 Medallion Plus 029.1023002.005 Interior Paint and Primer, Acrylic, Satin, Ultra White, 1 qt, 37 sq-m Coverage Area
==
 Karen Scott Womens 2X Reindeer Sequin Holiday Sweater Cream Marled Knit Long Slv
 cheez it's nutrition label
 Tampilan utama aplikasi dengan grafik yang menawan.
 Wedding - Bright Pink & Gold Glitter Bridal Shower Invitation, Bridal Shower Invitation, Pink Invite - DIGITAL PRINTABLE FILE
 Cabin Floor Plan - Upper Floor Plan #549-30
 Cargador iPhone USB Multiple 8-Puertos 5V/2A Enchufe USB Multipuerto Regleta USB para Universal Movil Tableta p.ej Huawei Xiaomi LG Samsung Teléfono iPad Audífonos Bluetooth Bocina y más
==
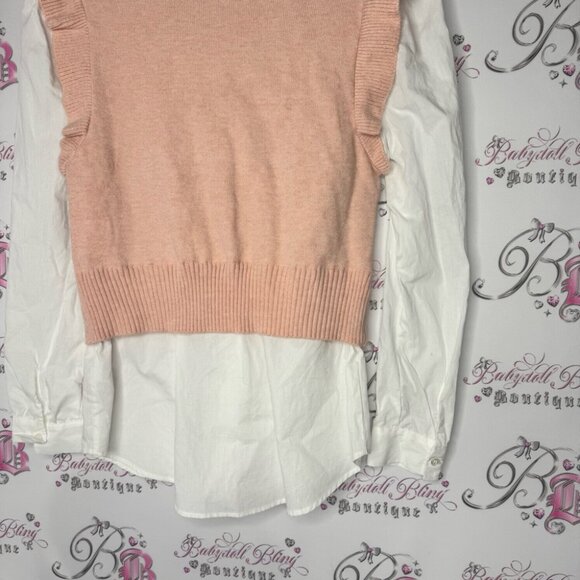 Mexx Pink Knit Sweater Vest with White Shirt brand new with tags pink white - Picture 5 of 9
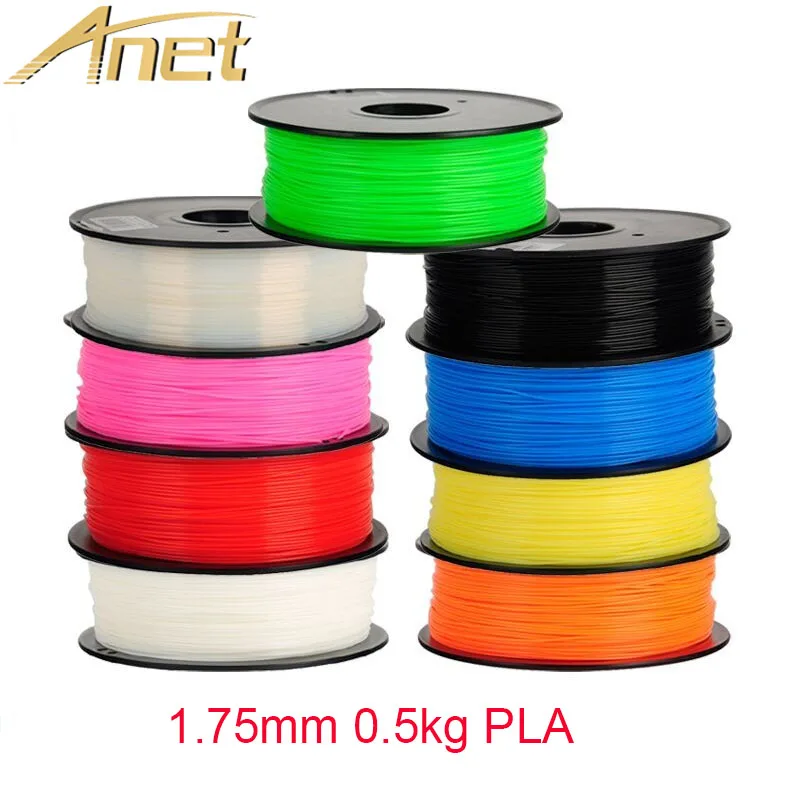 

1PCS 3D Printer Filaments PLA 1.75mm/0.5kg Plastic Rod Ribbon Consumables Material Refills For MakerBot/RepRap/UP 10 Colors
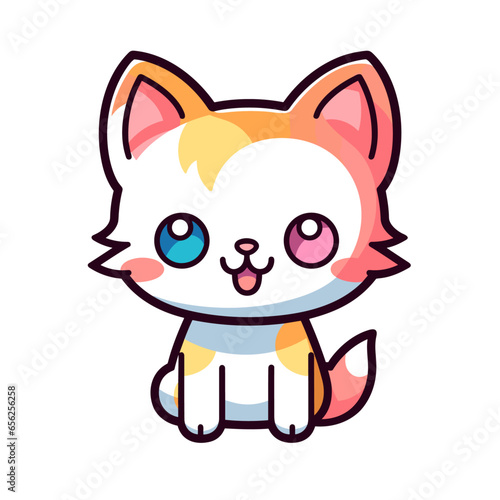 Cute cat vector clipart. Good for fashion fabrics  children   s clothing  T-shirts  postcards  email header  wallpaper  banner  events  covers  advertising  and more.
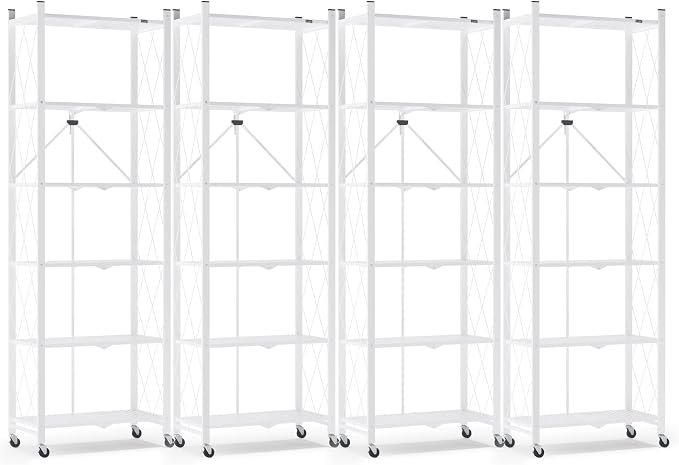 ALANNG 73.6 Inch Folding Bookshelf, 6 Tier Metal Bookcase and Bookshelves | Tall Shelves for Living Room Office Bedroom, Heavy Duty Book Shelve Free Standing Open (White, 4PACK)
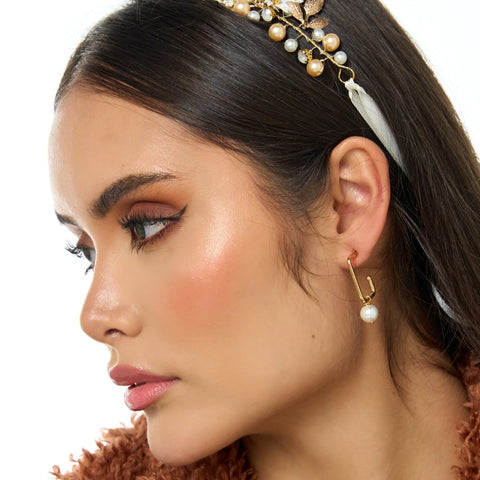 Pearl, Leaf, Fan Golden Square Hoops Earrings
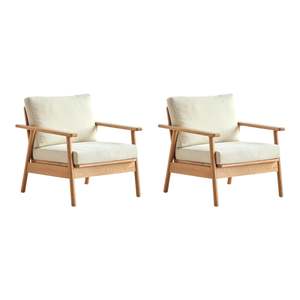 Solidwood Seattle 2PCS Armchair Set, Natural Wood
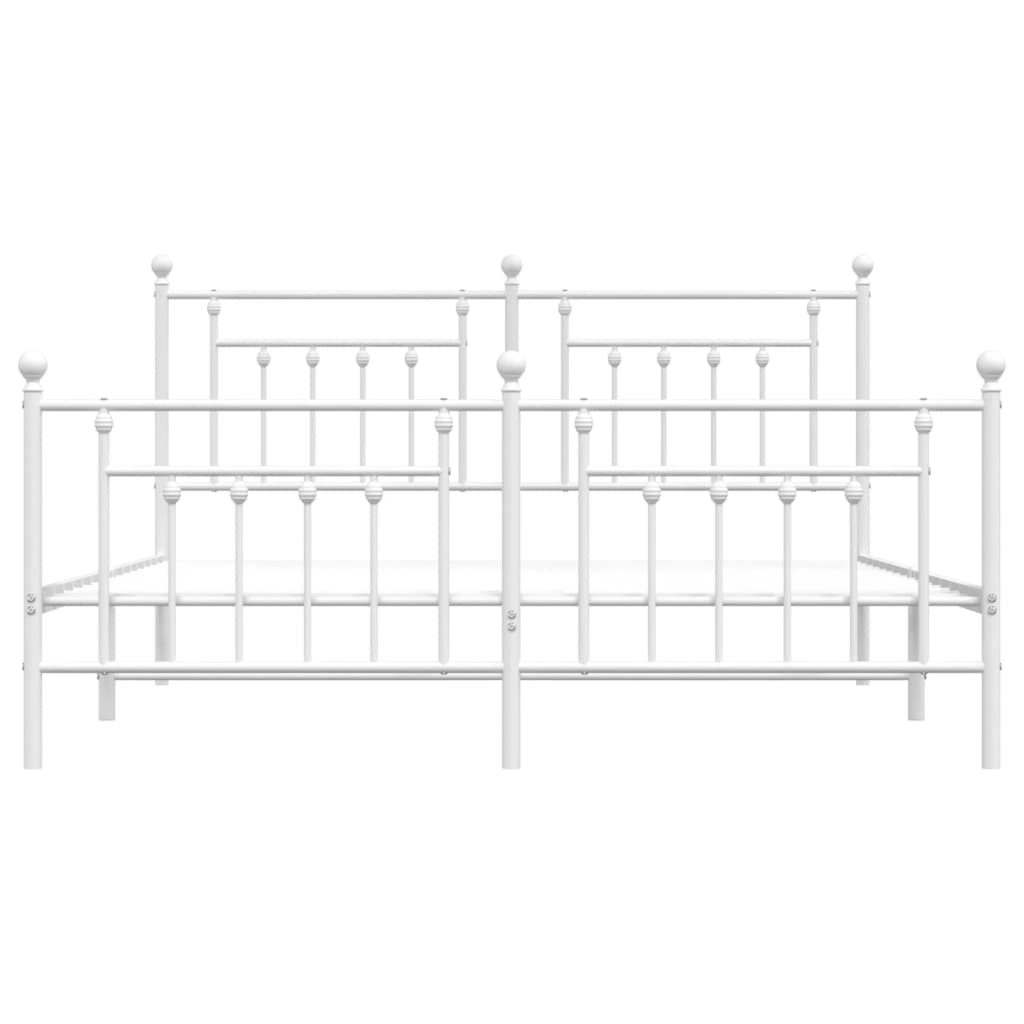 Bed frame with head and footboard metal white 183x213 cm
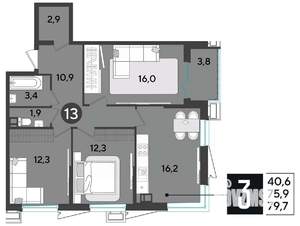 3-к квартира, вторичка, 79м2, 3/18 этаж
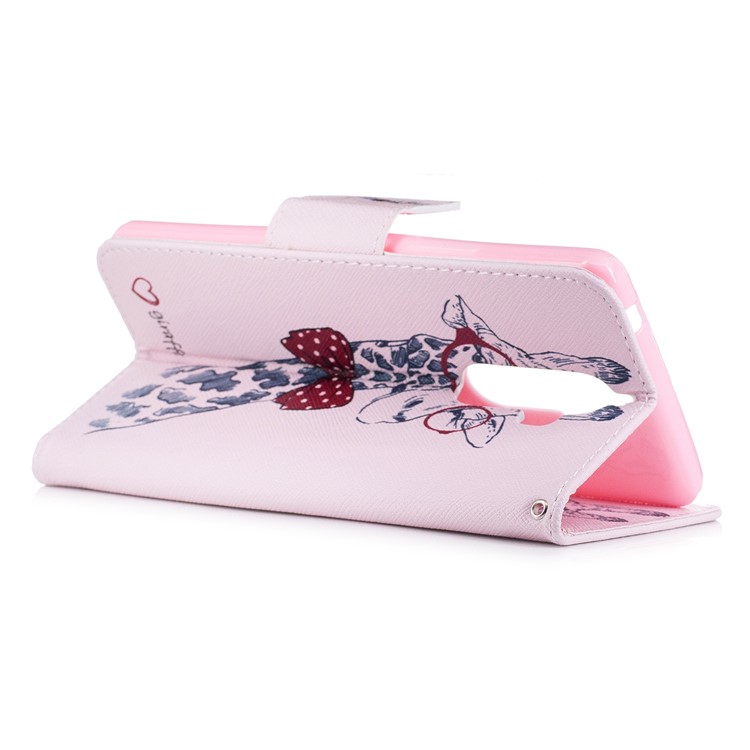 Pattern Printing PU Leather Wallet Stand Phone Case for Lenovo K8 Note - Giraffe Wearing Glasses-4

### Exercise
Between and including the line above that contains "3-к квартира, вторичка, 79м2, 3/18 этаж" and the line that contains "Pattern Printing PU", restate every line word for word. Pictures stay out.

### Expected output
 3-к квартира, вторичка, 79м2, 3/18 этаж
 Pattern Printing PU Leather Wallet Stand Phone Case for Lenovo K8 Note - Giraffe Wearing Glasses-4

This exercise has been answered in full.